Il giudice italiano, quindi, non può e non deve conoscere della regolarità degli atti di esecuzione di attività di indagine compiuta dall’autorità giudiziaria straniera (nel caso di specie quella francese), giacché detta l’attività investigativa è eseguita secondo la legislazione dello Stato estero; e, a maggior ragione, ciò vale ove l’originaria attività investigativa non sia stata compiuta su richiesta dell’autorità giudiziaria italiana, ma sia stata eseguita, nell’ambito di altro procedimento instaurato nel detto Stato, su iniziativa di quell’Autorità.
Secondo la tesi in esame, si tratta di una richiesta di acquisizione degli esiti documentali di attività d’indagine che l’Autorità straniera ha già svolto, nella sua piena autonomia, nel rispetto della sua legislazione in relazione ad altri reati; pertanto la tutela giurisdizionale relativa a tali atti non può che trovare spazio in tale altro ordinamento.
Né, si è osservato (cfr. Sez. 1 – n. 6364 del 13/10/2022 (dep. 15/02/2023) Rv. 283998 – 01 cit.), trova pregio l’argomento inerente un’asserita incompatibilità delle chat così acquisite con il diritto interno, nella misura in cui si faccia riferimento alla necessità di verificare che all’attività investigativa di cui si tratta nello Stato estero abbia provveduto un giudice e non un pubblico ministero, in ragione della sopravvenuta disciplina dello Stato italiano in materia di acquisizione di tabulati introdotta con il d.l. 30 settembre 2021, n. 132, convertito, con modificazioni, dalla legge 23 novembre 2021, n. 178. Ciò in ragione innanzitutto (e ancor prima della eventuale verifica dell’intervento, in ogni caso, all’estero, dell’Autorità Giudiziaria ai fini della acquisizione dei dati in parola), del rilievo per cui ciò che viene acquisito, nel quadro in esame, sono documenti informatici e non “dati esteriori” (il riferimento è ai tabulati, dei quali le Sezioni Unite n. 21 del 13/07/1998, Gallieri, Rv. 211196 – 01, hanno offerto una utile definizione, precisando che “essi costituiscono la documentazione in forma intellegibile del flusso informatico relativo ai dati esterni al contenuto delle conversazioni”).
E’ su queste basi, così sintetizzate, che si esclude dunque, secondo un diffuso orientamento di legittimità, che l’acquisizione in esame debba essere oggetto, ai fini della utilizzabilità dei dati versati in atti, di preventiva o successiva verifica della sua legittimità da parte del giudice nazionale.

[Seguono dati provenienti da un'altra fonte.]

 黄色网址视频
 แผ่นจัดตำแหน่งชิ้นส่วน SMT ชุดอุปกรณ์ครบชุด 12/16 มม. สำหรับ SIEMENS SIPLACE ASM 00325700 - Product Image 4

5. Per esigenze di completezza, occorre aggiungere che corollari della suesposta tesi della acquisibilità, nel quadro dell’art. 234-bis cod. proc. pen., di messaggi su chat di gruppo presso Autorità Giudiziaria straniera che ne abbia eseguito la decrittazione sono inoltre, in sintesi, anche i seguenti principi, variamente rinvenibili nelle decisioni di legittimità sopra citate e in parte già sopra accennati. Si tratta:
– della legittimità del ricorso, per chiedere la trasmissione di documentazione già acquisita dall’Autorità Giudiziaria estera, ad un O.E.I. emesso dal PM nazionale; della rinvenibilità del consenso all’acquisizione dei dati, da parte del “legittimo titolare” di quei documenti conservati all’estero, come previsto dall’art. 234 bis cod. proc. pene, nell’assenso che proviene dal soggetto che di quei documenti o di quei dati poteva disporre: da intendersi come persona giuridica che di quei documenti o di quei dati poteva disporre in forza di un legittimo titolo secondo l’ordinamento giuridico del Paese estero, identificabile non soltanto nella persona fisica e\o giuridica che procede alla trasmissione e alla conservazione dei dati, ma anche nella polizia giudiziaria, nell’autorità giudiziaria, nella persona offesa, nell’amministrazione pubblica, nella società che gestisce il servizio telefonico, nell’internet service provider (in motivazione sez. 1 – n. 6364 del 13/10/2022 Rv. 283998 – 01 cit.);
– dell’esclusione, salvo allegazione di specifici e concreti elementi di segno contrario, della ricorrenza di alterazioni o manipolazioni dei testi captati anche in assenza della fornitura dell’algoritmo necessario, in quanto secondo la scienza informatica, risulterebbe impossibile, ove la chiave di decrittazione non fosse corretta, ottenere un testo avente un significato intellegibile sebbene difforme da quello reale, potendosi, al più, imbattersi in una sequenza alfanumerica o simbolica (detta “stringa”) priva di senso alcuno (in motivazione Sez. 4 – n. 30395 del 21/04/2022 Rv. 283454 – 01; sullo stesso tema e sul diritto di difesa in tema di decrittazione di dati informatici anche sez. 6 -, n. 14395 del 27/11/2018 (dep.02/04/2019) Rv. 275534 – 01)
– dell’affidamento della garanzia del rispetto dei diritti fondamentali, nell’ambito del procedimento di cui all’O.E.I., in primo luogo allo Stato membro di emissione, che si deve presumere rispetti il diritto dell’Unione.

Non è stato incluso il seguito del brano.